On your way out, lock the front door. And by lock the front door, I mean find the door handle, reattach it, and then lock it.
hey as creepy as this sounds i still have your eyelashes on my desk
we made it to hole 3 and then just sat down on the fairway and finished off our case....cheered on other golfers as we let them play through.
Swear to god, if I have to wingman for you on my honeymoon I'm gonna be pissed
it's my favorite when the couple downstairs are having sex so loud that i feel like I'm part of a threesome
second-hand sex is fun, isn't it?
She kept calling herself DJ McDonalds and said she wanted to make some Egg McMusic.
I left when you were using your mug to lay on the street and ask for spare change
What kind of present accurately says to my male suitemate "I'm sorry that I accidentally flashed you my vagina while I was super drunk"?
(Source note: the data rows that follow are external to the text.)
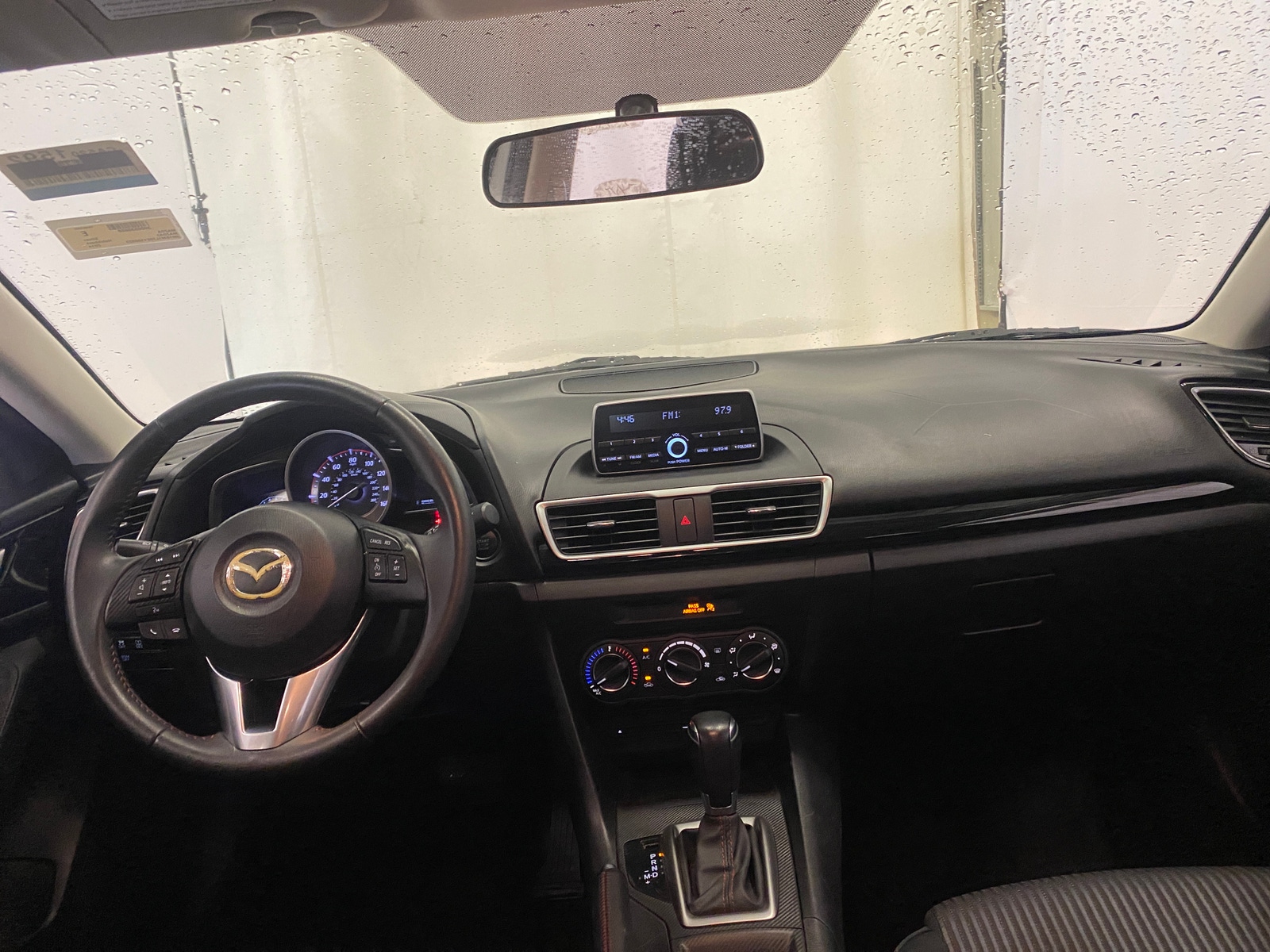 Thumbnail: 2014 Mazda Mazda3 - 3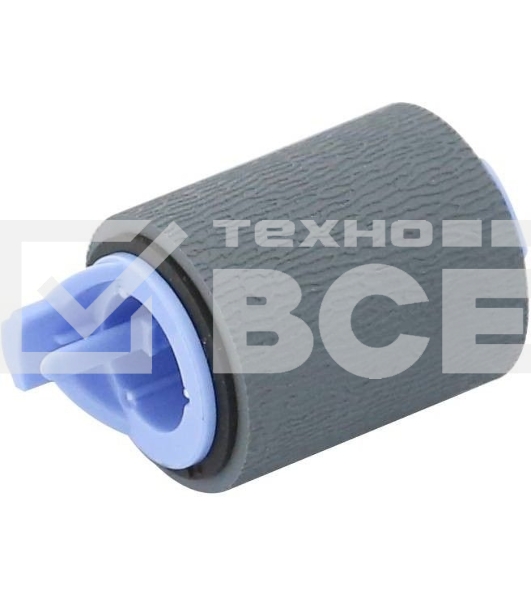 Ролик подачи Cet CET5845E (RM1-0037-000) для HP LJ 4200/4300/4250/4350/P4015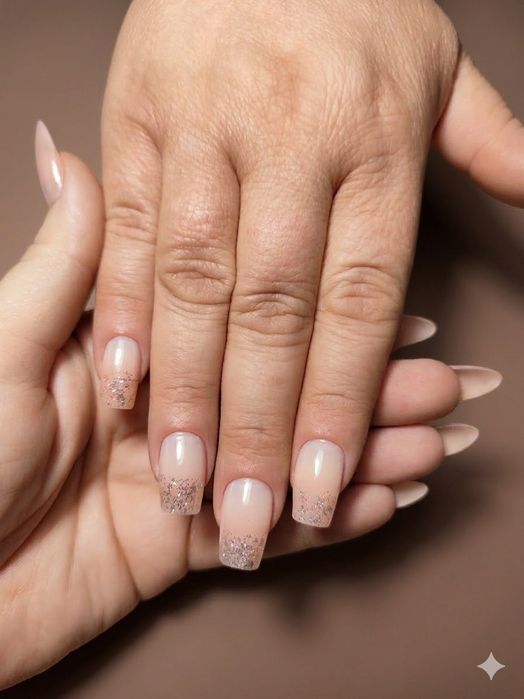 Нужны модели на гель покрытия.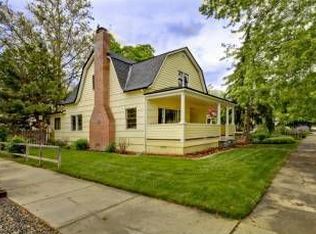 1703 N 9th St, Boise, ID 83702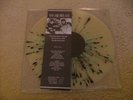 R.E.M. - Orlando Arena Florida 1989 - FM Boradcast Ltd Splattered Vinyl NEW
He compared my blow job skills to finding gold treasure in a gold chest, so there's that.
He seemed genuinely disappointed when I told him I wasn't going to make out with him to Bring Me To Life by Evanescence so I feel like I've pinpointed the breaking point of this relationship
My adderall dealer raised his prices due to "impending inflation" ... never buying from a college grad again
I'm officially removing you from my nudes recipient list on snapchat.
I knew how blacked out you were when you started doing that thing where you dance around and call yourself the Black Swan.
Hows your mom
Shes good, she claims she wasnt drunk
I'm about 40% drunk. You know, not drunk enough to light the bar on fire, but drunk enough to let the cougar hit on me.